ASSIGNMENT ::
Nothing but the lines from the one containing "Photo of 65" to the end of the data should be copied, exactly, and the pictures stay out.

Records excerpted from a collection:
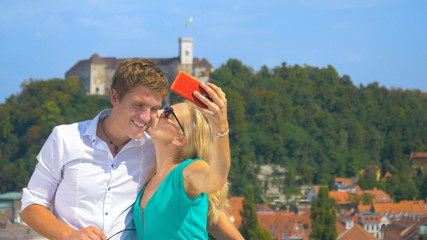 HANDHELD: Carefree girl kisses her boyfriend on the cheek while filming a v-log.
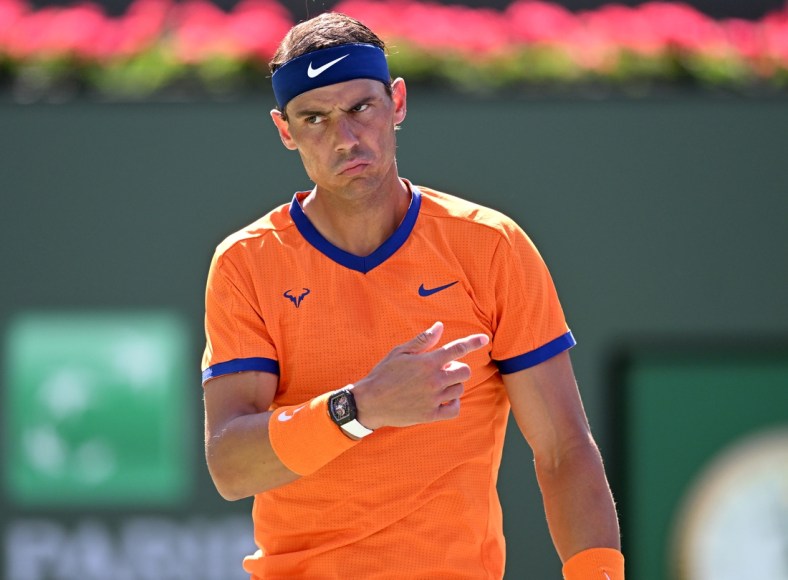 Mar 16, 2022; Indian Wells, CA, USA;  Rafael Nadal (ESP) questions a line call during his fourth round match against Reilly Opelka (USA) in the fourth round at the BNP Paribas Open at the Indian Wells Tennis Garden. Mandatory Credit: Jayne Kamin-Oncea-USA TODAY Sports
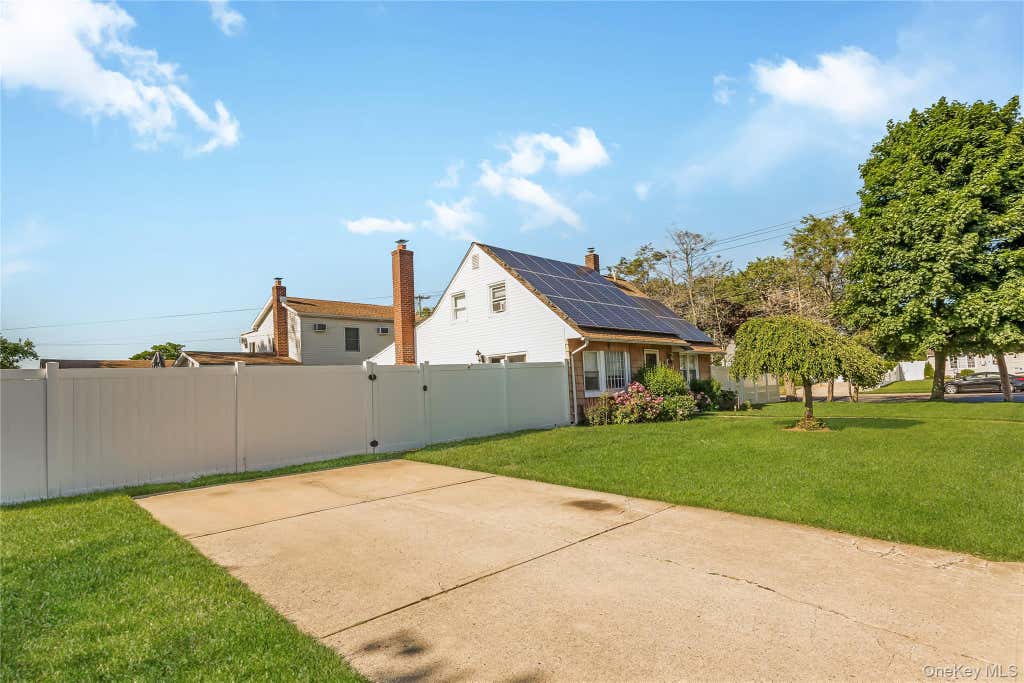 Photo of 65 Club Lane, Levittown, NY 11756 (MLS # 1012178)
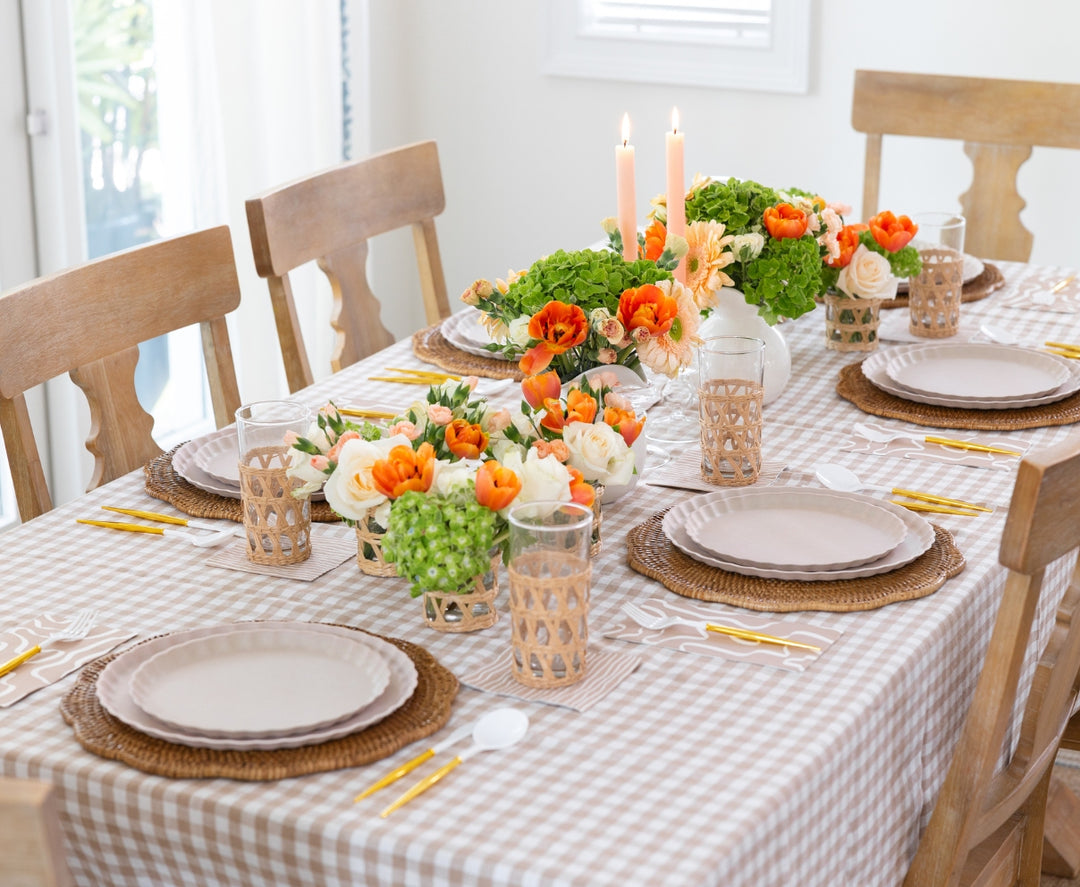 The Sophistiplate Eco-Friendly Table Setting - Sand features compostable plates, woven placemats, gold and white cutlery, glasses in woven holders, floral centerpieces in orange, white, green hues, and two lit candles for a table set for four.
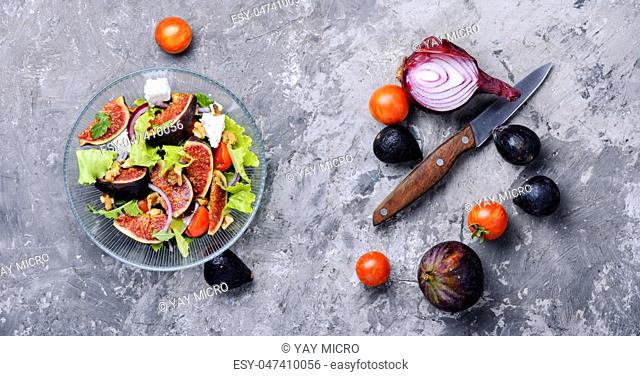 Autumn salad with arugula, olive, figs and cheese.Vegetarian salad.European food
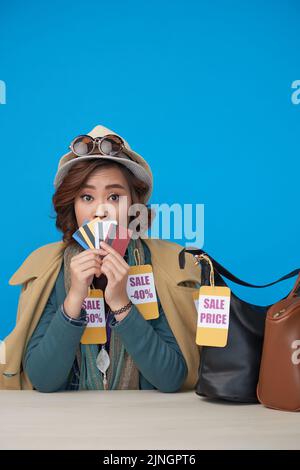 Aufgeregt shopaholic Frau hält viele Kreditkarten auf blauem Hintergrund Stockfoto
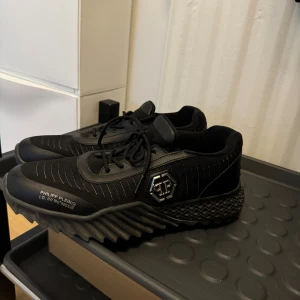 Philipp Plein svarta sneakers - Svarta sneakers från Philipp Plein med coola detaljer som silverfärgad logotyp på sidan och dödskalle på hälen. Skorna har snörning, mönstrad sula och är tillverkade i en mix av textil och skinn. Snygga linjer och modern design gör dem till ett statement.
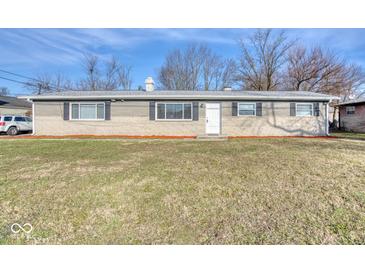 Ranch style home with brick exterior, landscaped lawn, and a spacious front yard at 8390 E Us 36 Hwy, Avon, IN 46123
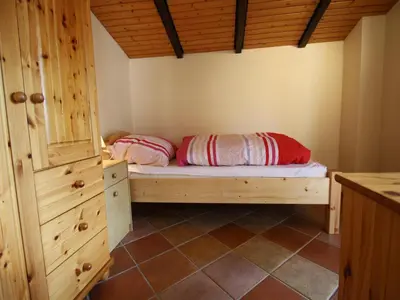 Ein Bett oder Betten in einem Zimmer der Unterkunft Ferienwohnung im Haus Schiefertal, Wieda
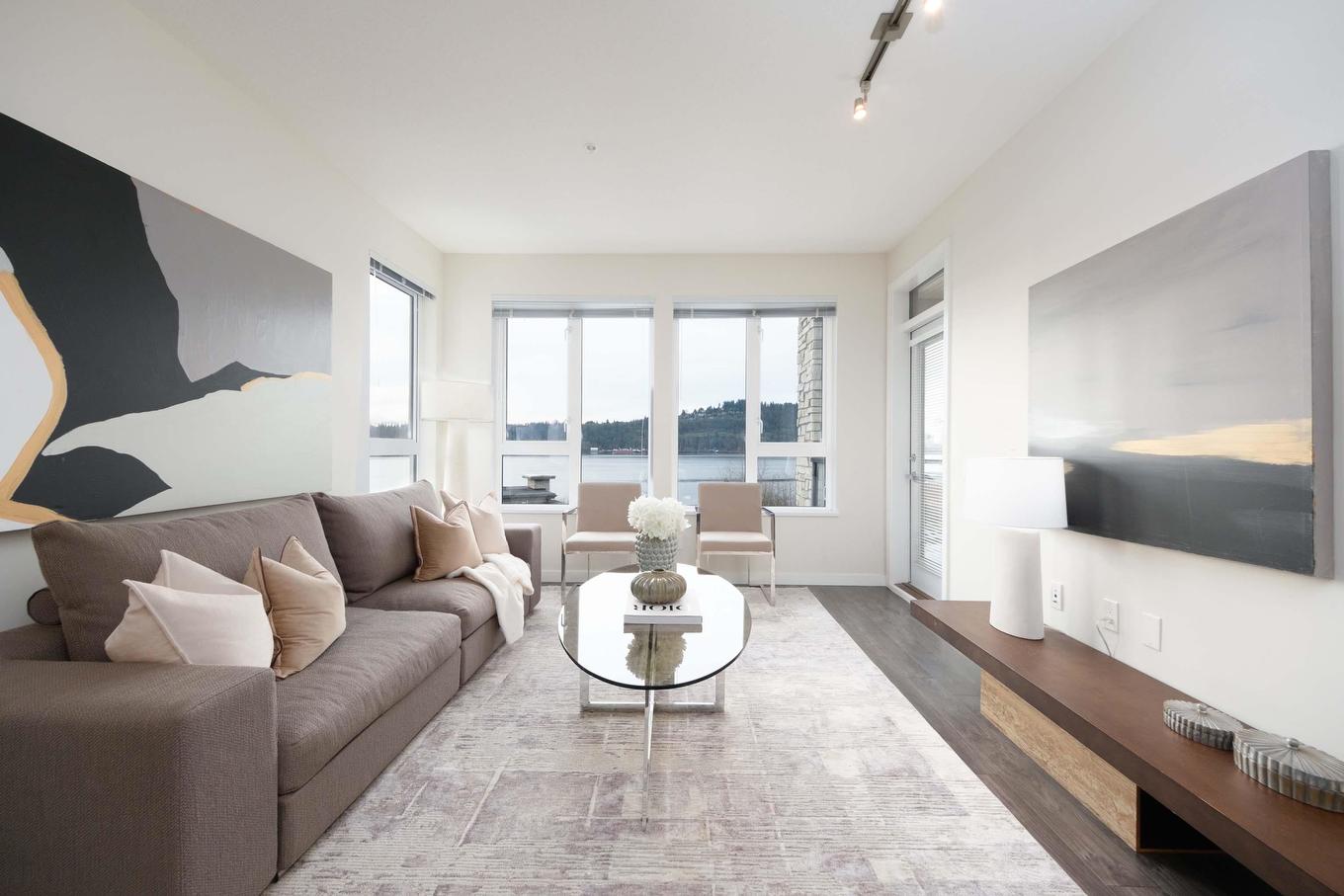 A modern living room featuring a sofa, coffee table, artwork, and large windows with natural light.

RESPONSE TO THIS EXERCISE ::
 Photo of 65 Club Lane, Levittown, NY 11756 (MLS # 1012178)
 The Sophistiplate Eco-Friendly Table Setting - Sand features compostable plates, woven placemats, gold and white cutlery, glasses in woven holders, floral centerpieces in orange, white, green hues, and two lit candles for a table set for four.
 Autumn salad with arugula, olive, figs and cheese.Vegetarian salad.European food
 Aufgeregt shopaholic Frau hält viele Kreditkarten auf blauem Hintergrund Stockfoto
 Philipp Plein svarta sneakers - Svarta sneakers från Philipp Plein med coola detaljer som silverfärgad logotyp på sidan och dödskalle på hälen. Skorna har snörning, mönstrad sula och är tillverkade i en mix av textil och skinn. Snygga linjer och modern design gör dem till ett statement.
 Ranch style home with brick exterior, landscaped lawn, and a spacious front yard at 8390 E Us 36 Hwy, Avon, IN 46123
 Ein Bett oder Betten in einem Zimmer der Unterkunft Ferienwohnung im Haus Schiefertal, Wieda
 A modern living room featuring a sofa, coffee table, artwork, and large windows with natural light.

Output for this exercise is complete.